I think we should make this general enough to support running any function on each CV fold and storing the results on the automl object. The results would be most naturally stored in the automl results
dict, but we should build a public API to access the results.
Proposal
Add a cv_callbacks
list as an init arg to AutoMLSearch
, default None/empty. If provided, each callback will be run during the evaluation of each CV fold. The callback will be passed the training split, the validation split and the fitted model. The results from the callback will end up in results
in each CV splits' dict, as a list stored under the name cv_callback_results
Next Steps Before we build this, we should ask ourselves why this feature is necessary. Given our current data splitting plan, we want the ability to generate graphs and stats on the 1st CV fold, to correspond with the "validation" score which will be computed on the same data (see #1049).

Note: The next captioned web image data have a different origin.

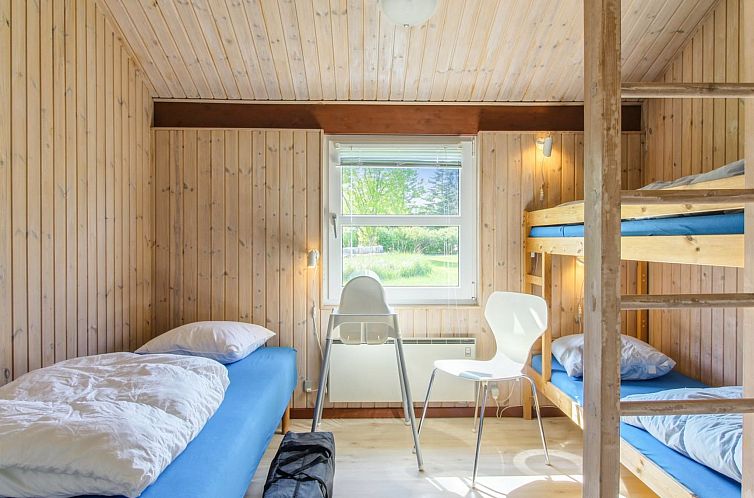 Vakantiehuis "Menka" - 1.3km from the sea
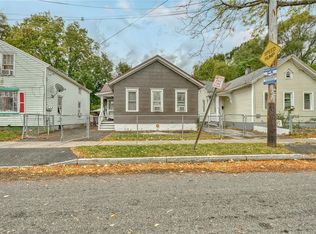 115 Scrantom St, Rochester, NY 14605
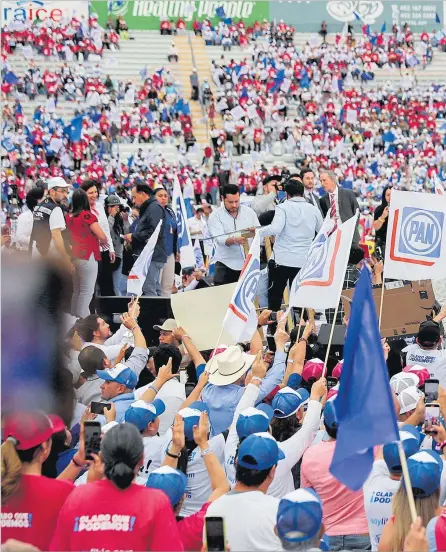  ?? Picture: REUTERS ?? Xochitl Galvez, presidenti­al candidate of the ‘Fuerza y Corazon por Mexico’ alliance of opposition parties, speaks during a rally at Sergio Leon Chavez stadium to kick off her campaign, in Irapuato, Mexico, March 1, 2024.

However, if we only need to compute graphs/stats on the first validation fold, or if we decide to create a separate split for model selection, the requirements here will change. So:
- Discuss the above point ( @gsheni @jeremyliweishih )
- If we should still proceed, write a design doc.
Background
We used to have this ability, but we removed it because we were mixing the Objective
abstraction with the graph/stats methods. That's why I advocate for a design which is agnostic to the type of data being computed.
Status: we're still waiting on conversation with @gsheni on this :)
Status: we had conversation. The use-case for computing graphs on training / CV data is to debug models. I.e., if a model has a completely different predicted vs actual, ROC curve, or other plot across the various CV folds, this could indicate high variance during training which could mean the model is unstable on this dataset (or that the dataset is of poor quality).
I like this idea. However I think we should punt on it until we have a good example of the use-case, or a request for this capability from users.